The Community of Scholars

For the last six months I have enjoyed an extended period of leave, incorporating an opportunity for personal refreshment as well as a sustained time engaged in academic research. This included three wonderful months as a Short Term Fellow in residence at the Folger Shakespeare Library in Washington DC, USA. The Folger is one of the world’s top research institutions, founded by Henry and Emily Folger in 1932. Devoted to the life and times of William Shakespeare, the Library possesses the world’s largest Shakespeare collection, including first editions, manuscripts, account books, recordings and more.

During my three months at the Folger I was able to complete the first draft of a long-planned book, provisionally entitled Empire of Memory: The Monuments of Westminster Abbey 1500-1750. The book will tell the story of how one remarkable building was transformed from a royal sacred site to a mausoleum of memory, from a place of pilgrimage to a tourist destination. But this was not the highlight of the Fellowship. Two aspects stood out.

First was the value of a consistent daily routine focussed on a single task. This is a precious rarity in the age of disruption, when the benefits of information and communication technology can be overwhelmed by constant interruption and distraction. It was an exceptional privilege to spend eight hours a day, five days a week for three months on the challenge of research and writing in an institution with every conceivable resource to support that task. And it was a lot of fun to sit every day in the same seat (thank you Mrs Folger), even if this meant I was gazed upon by the fascinated tourists who were permitted to peer into the curious world of the neo-Renaissance library for a few moments each day. Perhaps the most memorable of these glimpses was the day I was caught kneeling to photograph a floor plan of Westminster Abbey in seventeenth-century book with a raptured look on my face as if it was an object of devotion as well as study.

The second and biggest highlight was the community of scholars. Through its Fellowship program, the Folger Institute brings upwards of forty researchers annually from around the world to use its collections and to participate in its program of seminars and colloquia. I met scholars and practitioners from four continents, introducing me to a wealth of ideas and possibilities and creating the opportunity to form several new friendships.

There is no question that the community of scholars comes at a cost in time, money and resources. Yet the surprise was that the community was fundamentally generated by two simple experiences. The Library’s reading room was, to all intents and purposes, an open-plan office (though one without phones in which the only noise was the occasional whisper or the muffled sounds of a rehearsal in the theatre next door). There is an intense camaraderie in studying – no, thinking – alongside a dozen other people working on related projects. Then there was the phenomenon of afternoon tea at 3pm, virtually compulsory, which through the simple medium of a table, a hot drink and a biscuit engendered lively discussion … What are you working on? How are you doing your project? Have you thought of this? Do you know that? It was at tea that friendships and research partnerships were forged through that most basic human activity, conversation.

And so, as I return to the University of Divinity with a sense of joy and renewal, I invite you to ponder with me: How can we build up the community of scholars in this land?

Three simple tasks suggest themselves.

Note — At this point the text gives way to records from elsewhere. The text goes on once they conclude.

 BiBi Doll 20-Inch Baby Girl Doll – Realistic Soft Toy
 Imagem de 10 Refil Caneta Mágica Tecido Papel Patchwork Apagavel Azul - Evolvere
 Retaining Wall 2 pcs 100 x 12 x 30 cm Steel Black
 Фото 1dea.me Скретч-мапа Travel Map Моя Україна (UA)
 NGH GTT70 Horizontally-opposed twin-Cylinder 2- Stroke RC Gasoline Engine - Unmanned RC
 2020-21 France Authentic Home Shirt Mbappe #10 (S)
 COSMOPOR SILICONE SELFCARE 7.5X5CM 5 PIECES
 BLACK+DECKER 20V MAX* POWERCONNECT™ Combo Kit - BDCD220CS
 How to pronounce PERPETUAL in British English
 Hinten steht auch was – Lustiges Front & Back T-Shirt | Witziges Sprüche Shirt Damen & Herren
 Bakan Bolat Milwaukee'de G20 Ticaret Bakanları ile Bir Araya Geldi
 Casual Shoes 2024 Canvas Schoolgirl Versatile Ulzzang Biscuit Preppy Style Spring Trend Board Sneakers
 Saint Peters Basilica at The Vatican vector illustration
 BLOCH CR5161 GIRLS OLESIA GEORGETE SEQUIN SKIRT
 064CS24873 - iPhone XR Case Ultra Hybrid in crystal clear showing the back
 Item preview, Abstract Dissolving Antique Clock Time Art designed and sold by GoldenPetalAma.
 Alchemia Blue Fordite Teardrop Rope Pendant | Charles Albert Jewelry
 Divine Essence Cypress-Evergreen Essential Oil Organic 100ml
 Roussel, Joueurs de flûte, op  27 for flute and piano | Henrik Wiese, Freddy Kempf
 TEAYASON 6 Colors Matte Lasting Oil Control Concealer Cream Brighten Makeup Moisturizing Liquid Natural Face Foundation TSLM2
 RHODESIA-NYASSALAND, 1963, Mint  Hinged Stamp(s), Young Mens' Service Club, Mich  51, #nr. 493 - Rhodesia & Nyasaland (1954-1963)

Build a daily routine and focus on one task at a time. Drink tea regularly with others, especially people you don’t know, and be prepared to listen, learn and engage. And perhaps above all, make the most of the incredible resources of our libraries, public and institutional, as sources of knowledge and places of gathering, as we seek to stimulate the collective imagination and to build up the store of wisdom which is the foundation of a flourishing society.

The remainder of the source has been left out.